JALUR KERETA TEMANGGUNG - PARAKAN

 JEJAK KERETA API DI KOTA TEMBAKAU

            Siapa yang mengira bahwa Kota Temanggung, kota yang terkenal akan hasil tembakaunya ini dahulu pernah dilintasi kereta api. Bahkan beberapa stasiun tercatat pernah berdiri di Kabupaten yang terkenal dengan bakso ulegnya ini. Saya sendiri baru mengetahui keberadaan kereta api di Temanggung saat tinggal di Semarang melalui cerita yang disampaikan oleh teman kos saya yang merupakan penduduk asli Temanggung.
            Pengetahuan saya akan bukti keberadaan kereta api di Temanggung semakin bertambah tatkala saya tinggal di Temanggung selama hampir 45 hari dalam rangka menyelesaikan tugas Kuliah Kerja Nyata (KKN) dari kampus pada tahun 2012. Waktu itu saya sempat menjumpai beberapa bukti keberadaan kereta api di Temanggung seperti bangunan bekas stasiun dan bekas jembatan kereta api dibeberapa titik. Namun waktu itu saya belum berfikiran untuk menggali lebih jauh informasi mengenai keberadaan kereta api di Temanggung mengingat masih sedikitnya informasi yang saya miliki kala itu.
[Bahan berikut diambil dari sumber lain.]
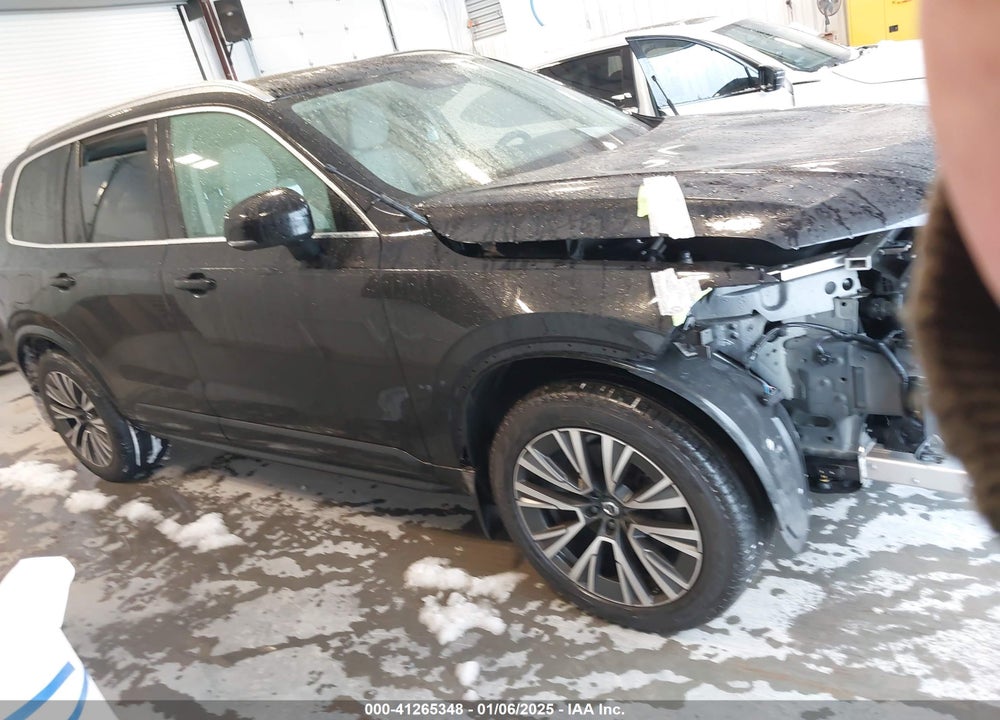 2020 VOLVO XC90 T5 MOMENTUM 7 PASSENGER VIN: YV4102PK7L1604082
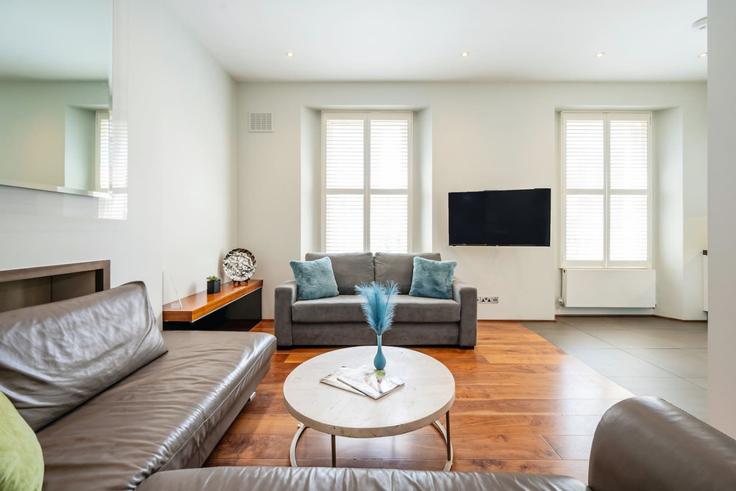 Sala de estar elegantemente projetada com móveis modernos em um apartamento no Building Emperor's Gate - welcome-london-ltd - 1511548 em Royal Borough of Kensington and Chelsea, London Sala de estar elegantemente projetada com móveis modernos em um apartamento no Building Emperor's Gate - welcome-london-ltd - 1511548 em Royal Borough of Kensington and Chelsea, London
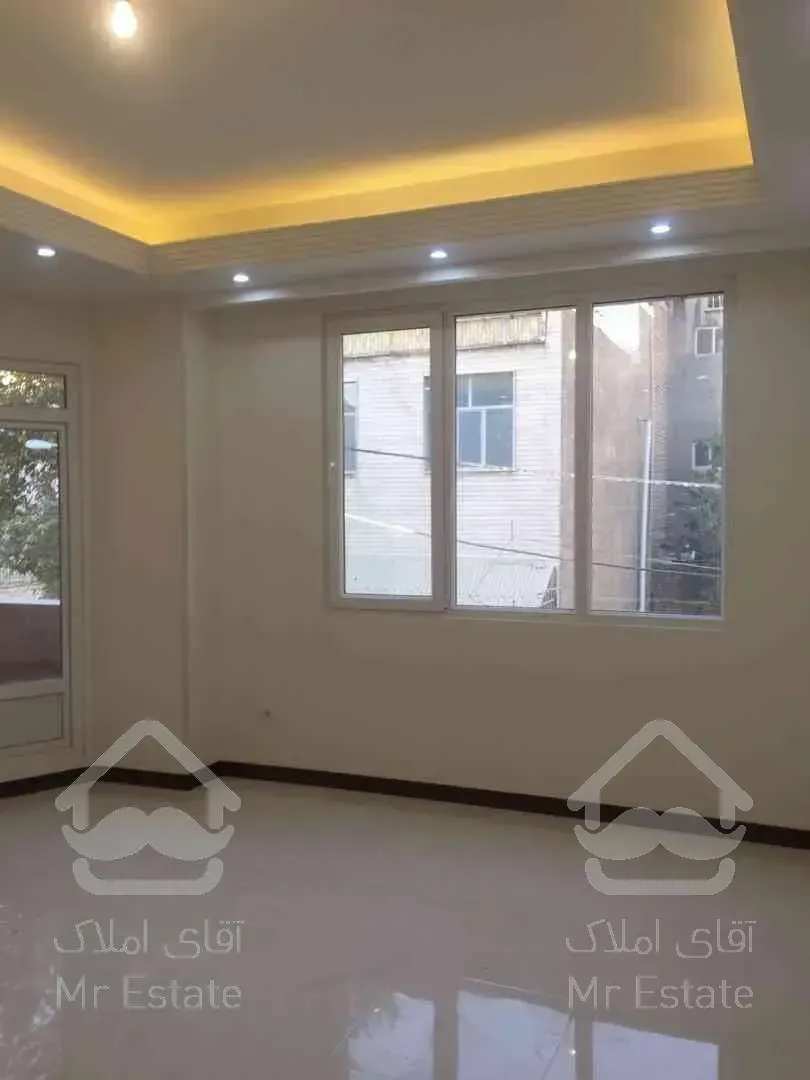 ۶۱متر/کلید نخورده/یخواب/سالن پرده خور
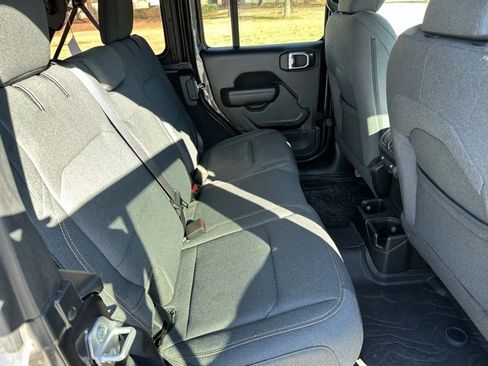 Used 2024 Jeep Wrangler Sport S image 20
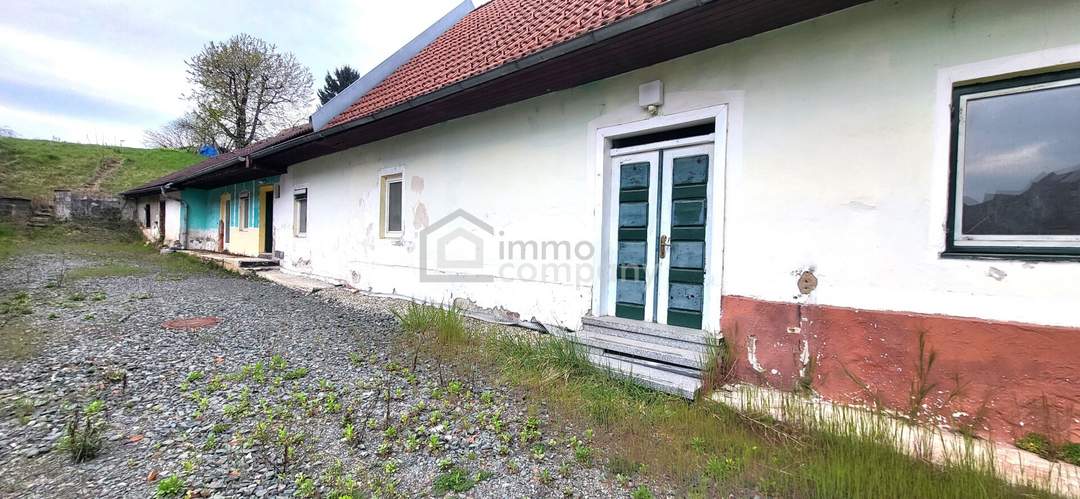 Charmantes Sanierungsobjekt mit großem Grundstück im Herzen von Preding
Blusukan saya kali ini akan membahas mengenai bukti keberadaan kereta api di Temanggung dimasa lampau yang telah lama mati akibat kalah bersaing dengan moda transportasi berbasis jalan raya seperti bis dan kendaraan pribadi. 

Sejarah Singkat
            Jalur kereta api dari Secang menuju Parakan adalah jalur kereta yang dibangun setelah pembangunan jalur Secang-Magelang yang selesai dibangun pada 15 Mei 1903. Pembangunan jalur ini di bagi dalam dua tahap, yakni rute Secang hingga Temanggung yang mulai beroperasi pada 3 Januari 1907 dan rute Temanggung hingga Parakan yang mulai beroperasi pada 1 Juli 1907. Sepanjang rute ini tercatat ada beberapa stasiun dan halte sebagai tempat naik turun penumpang, diantaranya adalah: Stasiun Secang, Halte Nguwet, Stasiun Kranggan, Halte Guntur, Stasiun Temanggung, Halte Maron, Stasiun Kedu, dan Stasiun Parakan.
            Menurut catatan sejarah, pembangunan jalur kereta api diwilayah Ambarawa, Secang, Temanggung, Parakan, dan Magelang tidaklah luput dari peran pemborong sekaligus insinyur asal Tiongkok kala itu yang bernama Ho Tjong An. Tercatat biaya pembangunan jalur kereta api dari Magelang hingga Secang serta Secang hingga Parakan sebesar f 350.000,- (Guilders Belanda). Tentu angka tersebut merupakan nominal yang sangat besar diwaktu itu.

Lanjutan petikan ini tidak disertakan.